Does this mean the BJP is the sole offender? Of course, not. But as Rohan Venkataramakrishnan points out in Scroll, the BJP was an "early pioneer when it came to using the internet for organizing and building political awareness" and it also "has been at the forefront of the fake news phenomenon, with top party leaders and ministers occasionally revealing the kinds of dishonest messages that are much more rampant among the base."

Even more worryingly, in a country where the phrase "anti-national"can be used casually as a bludgeon to silence any dissent that is too bothersome, these new DAVP guidelines could just be another weapon to bring media to heel. The Centre has already told the Jammu and Kashmir government to stop advertising in local newspapers that allegedly publish "anti-national"articles "glamorizing terrorists and anti-national elements". Shujaat Bukhari, editor of Rising Kashmir told HT that three major newspapers there, including his own, are banned from getting central government ads for eight years because they cover "anti-national" issues, for example, the funerals of militants. "Now they want us to bleed more by telling the state government to stop state advertisements as well," he said.

So when it comes to curing the epidemic of fake news, physician heal thyself.

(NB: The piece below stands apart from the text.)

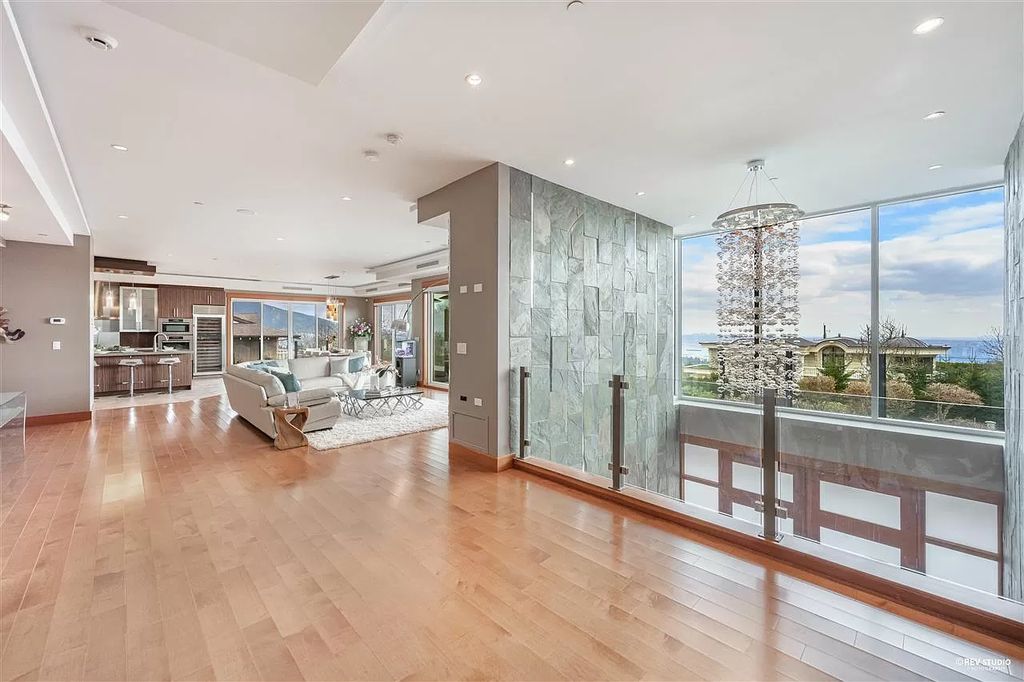 The Spectacular Custom Built Contemporary Home in West Vancouver has panoramic Ocean, City & Mountain views now available for sale. This home located at 1113 Gilston Rd, West Vancouver, BC V7S 2E7, BC, Canada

Government ads have long been part of a strategy to make sure that media does not get too uppity. As other ad revenues shrink government ads gain even more clout.

In 2012, Dhirendra K. Jha dubbed Nitish Kumar Bihar's editor-in-chief because he used the government's ad budget to control and bend the media to his will. The editor of Bihartimes.com said though it has been "No. 1" since inception in 1999, its application for empanelment with the Public Relations Department was kept pending without any "concrete reason" while a site based in Bhopal with tenuous connections to Bihar got government ads. He said he believes it's because his site carries reports related to corruption in the state. An Urdu paper Pindar ran afoul of the government because of a piece by its chief editor that apparently upset the government. The editor, Raihan Ghani, said he was demoted to managing editor and eventually resigned. Curiously the year after Ghani was gagged, the paper's government ad revenues ballooned from 1 lakh to 24 and the year after to 40 lakh.

When the ABP group in Bengal was perceived at loggerheads with the Trinamool government, Mamata Banerjee had banned their newspapers from state libraries. Global campaign group Avaaz said that five West Bengal outdoor advertising agencies and one newspaper group refused to run ads urging Mamata Banerjee to "stop attacking protesters and start attacking the problem" after the gangrape of a young woman in Kamduni. Jayalalithaa's Tamil Nadu was boomtown for lawsuits against media perceived as being overly critical of the government. In five years it filed 213 defamation cases against political opponents, 55 of them against media houses for "derogatory " statements whether it was reporting on the CM's vacations or water scarcity in Tamil Nadu. Its predecessor DMK was a poor second with 40 cases between 2006 and 2011.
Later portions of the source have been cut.